Today, every member of Congress can shape public transportation’s most important funding and policy issues. During APTA’s Legislative Conference, you will have the opportunity to share your priorities and perspectives with your representatives and senators. Are you ready?

Before Your Visit —

* Research your congressional dele­gation’s views and votes on public transportation. Keep in mind that “junior” members of Congress can sometimes have as much influence as senior members. Remember, all 535 members of Congress (435 in the House, 100 in the Senate) have one vote each.

* Schedule an appointment now! This is a priority since members’ schedules fill up quickly. While some legislators may be approachable during APTA’s Legislative Conference, you will make a more impactful impression on members of Congress and their staffs if you request a meeting in advance.

* Consider bringing together both public sector and business members to the appointment to show the full impact of public transportation in the legislator’s district.

* Create a one-page fact sheet with key facts about your organization, including number of employees, passengers and areas served, how your agency benefits the member’s constituents, and your needs and future plans. Be prepared to leave copies for the member and staff, along with your contact information.

* Use APTA resources, including the industry footprint, etc. APTA will have position papers and brochures on hand at the Resource Center.

* Prepare your elevator speech. Your member of Congress may have limited time, so practice delivering your message in a concise way. The goal is to make sure he or she knows who you are and the organization you represent, why you’re in Washington, and what you’re asking for.

During Your Visit —
* Be prepared for schedules to change unexpectedly.

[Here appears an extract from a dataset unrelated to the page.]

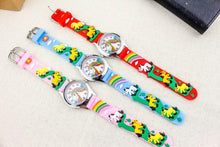 Load image into Gallery viewer, Cartoon Unicorn Childrens Watch 3D Rainbow Pony Girl Wristwatch Quartz Kids Watches Student Silicone Children Toddler Wrist Watch Birthday Gift For Girls Cute Child Watches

You’re visiting your elected officials at their place of work, which means they are attending hearings, casting votes in the House or Senate ­chamber, and attending meetings on and off Capitol Hill.

* Also, since 2018 is an election year, your members may be busier than usual. This is not to say that your message isn’t important, but you may need to deliver your elevator speech and one-pager during a 10-minute chat or a power walk through the U.S. Capitol.

* Be amiable, calm and positive. Regardless of your political views or affiliation, public transit is a bipartisan issue. And whatever position your elected official takes on any issue, remain gracious and open to continuing the dialogue via email.

* Ask questions. What are the issues of most concern to your member? Look for opportunities to attach your message to the elected official’s priorities. Start by finding out what’s most important to him or her, not with a canned message about what you want, and then pivot to how public transportation can play a role.

After Your Visit —

* Follow up with an email or letter thanking the member for his or her time. This also offers another opportunity to reiterate your message. If additional information has been requested—or promised by you—be sure to provide it quickly. This will show that you’re responsive to the elected official’s needs and you’re a reliable source of solid facts.

* Remember—each encounter, handshake, and meet-and-greet has the potential to strengthen connections and increase APTA’s influence in Congress and beyond. Good luck!